= Work instructions =
The expected output is every line below, reproduced exactly.

[Short descriptive text snippets]
########################################
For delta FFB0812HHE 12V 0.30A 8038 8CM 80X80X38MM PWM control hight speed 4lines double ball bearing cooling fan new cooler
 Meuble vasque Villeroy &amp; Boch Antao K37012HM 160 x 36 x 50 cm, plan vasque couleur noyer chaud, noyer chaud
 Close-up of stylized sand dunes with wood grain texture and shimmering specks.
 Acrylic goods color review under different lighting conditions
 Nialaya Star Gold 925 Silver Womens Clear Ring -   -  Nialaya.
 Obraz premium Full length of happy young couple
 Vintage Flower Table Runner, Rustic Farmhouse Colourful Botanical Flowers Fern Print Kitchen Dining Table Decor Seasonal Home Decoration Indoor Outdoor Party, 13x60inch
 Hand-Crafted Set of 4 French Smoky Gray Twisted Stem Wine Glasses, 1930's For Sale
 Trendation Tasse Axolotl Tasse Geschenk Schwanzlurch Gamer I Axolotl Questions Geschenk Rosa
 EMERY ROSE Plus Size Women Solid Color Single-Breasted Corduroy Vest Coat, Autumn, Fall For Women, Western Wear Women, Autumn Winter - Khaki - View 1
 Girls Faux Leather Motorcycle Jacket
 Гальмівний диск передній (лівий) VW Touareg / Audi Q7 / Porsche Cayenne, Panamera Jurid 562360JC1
########################################
= Finished exercise =
For delta FFB0812HHE 12V 0.30A 8038 8CM 80X80X38MM PWM control hight speed 4lines double ball bearing cooling fan new cooler
 Meuble vasque Villeroy &amp; Boch Antao K37012HM 160 x 36 x 50 cm, plan vasque couleur noyer chaud, noyer chaud
 Close-up of stylized sand dunes with wood grain texture and shimmering specks.
 Acrylic goods color review under different lighting conditions
 Nialaya Star Gold 925 Silver Womens Clear Ring -   -  Nialaya.
 Obraz premium Full length of happy young couple
 Vintage Flower Table Runner, Rustic Farmhouse Colourful Botanical Flowers Fern Print Kitchen Dining Table Decor Seasonal Home Decoration Indoor Outdoor Party, 13x60inch
 Hand-Crafted Set of 4 French Smoky Gray Twisted Stem Wine Glasses, 1930's For Sale
 Trendation Tasse Axolotl Tasse Geschenk Schwanzlurch Gamer I Axolotl Questions Geschenk Rosa
 EMERY ROSE Plus Size Women Solid Color Single-Breasted Corduroy Vest Coat, Autumn, Fall For Women, Western Wear Women, Autumn Winter - Khaki - View 1
 Girls Faux Leather Motorcycle Jacket
 Гальмівний диск передній (лівий) VW Touareg / Audi Q7 / Porsche Cayenne, Panamera Jurid 562360JC1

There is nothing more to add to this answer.